The rock and sand layers were to aid drainage of excessive precipitation and were especially important in areas with abundant rainfall. At Machu Picchu, surface drains conveyed excess water to a main drain which supplied water to fountains and a domestic water supply canal. In arid areas, such as the Colca Valley, where Andenes are still cultivated, water for irrigation is brought down from the snow melt of high peaks and springs via a complex system of canals and reservoirs. Irrigation water is released from a reservoir onto the top-most anden and the overflow irrigates the lower andenes. If irrigation water is inadequate, agriculture on the lower andenes will fail. As strategies of risk management, farmers in the present day - and probably in pre-Columbian times - have up to 30 plots of land at different locations and grow a wide variety of crops.
In the steep terrain of Andes, flat and good farming land was scarce. The adverse climate in much of the Andes was another negative factor for agriculture which the use of andenes helped overcome. Much of the Inca Empire was found at elevations of more than 3,000 metres (9,800 ft) above sea-level. Farmers grew crops up to an altitude of about 4,250 metres (13,940 ft). Frosts impacting crops, however, can occur above an elevation of 2,200 metres (7,200 ft)
The stone retaining walls of andenes absorbed the sun's heat during the day and radiated it at night, warming the soil and preventing damage to frost-sensitive crops such as maize. An important objective in constructing andenes was to permit maize to be grown at elevations above its usual climatic limit of 3,200 metres (10,500 ft) up to 3,500 metres (11,500 ft).
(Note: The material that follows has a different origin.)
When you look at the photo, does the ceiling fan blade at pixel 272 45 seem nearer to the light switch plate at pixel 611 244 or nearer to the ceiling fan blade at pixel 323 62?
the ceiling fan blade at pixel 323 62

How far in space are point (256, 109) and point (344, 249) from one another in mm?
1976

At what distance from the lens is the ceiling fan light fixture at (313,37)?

Maize was a prestige crop for the Incas and earlier cultures, but of the crops cultivated in the Andes it is the most demanding of water and nutrients.
Efforts to rehabilitate and bring andenes back into production near Cuzco began in the 1970s. In 2014, The Peruvian Ministry of Agriculture and the Inter-American Development Bank began a project to rehabilitate andenes, including those near Laraos in the Lima region.
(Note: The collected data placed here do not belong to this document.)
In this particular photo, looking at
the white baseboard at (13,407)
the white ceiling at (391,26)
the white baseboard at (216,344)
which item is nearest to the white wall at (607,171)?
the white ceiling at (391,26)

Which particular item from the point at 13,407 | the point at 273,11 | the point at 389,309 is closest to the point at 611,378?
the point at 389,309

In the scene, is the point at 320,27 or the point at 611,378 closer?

The andenes possess an appeal beyond the historical and their original economic motivations: they are also landscape resources whose situation in the Andes Mountains has notable aesthetic value. Many of them follow the natural curve of the slopes in such a way that preserves the visual harmony of the environment. The idea of hanging gardens in the mountains can fit well with the description of the Andenes.
At the Salinas de Maras near Cuzco, andenes are used to create 3,000 salt pans to evaporate salt. The andenes and salt industry are believed to date to pre-Incaic (before 1430 CE) times. A distinctive pink-hued salt is still being produced in the 21st century.
Between central Peru and northern Bolivia are found the best conserved collection of andenes. Perhaps the most impressive Andenes zone is the Colca Canyon (Valle de Colca), whose terraces were constructed by the Collaguas beginning in the 11th century. Those on the islands in Lake Titicaca (constructed by the Aymara) are visually stunning, as are those in the so-called Sacred Valley of the Incas (Valle Sagrado de los Incas) in Cusco, those constructed by the Incas in Moray (Inca ruin) in a collection of concentric circles, as well as the enormous terraces at Pisaq and Ollantaytambo.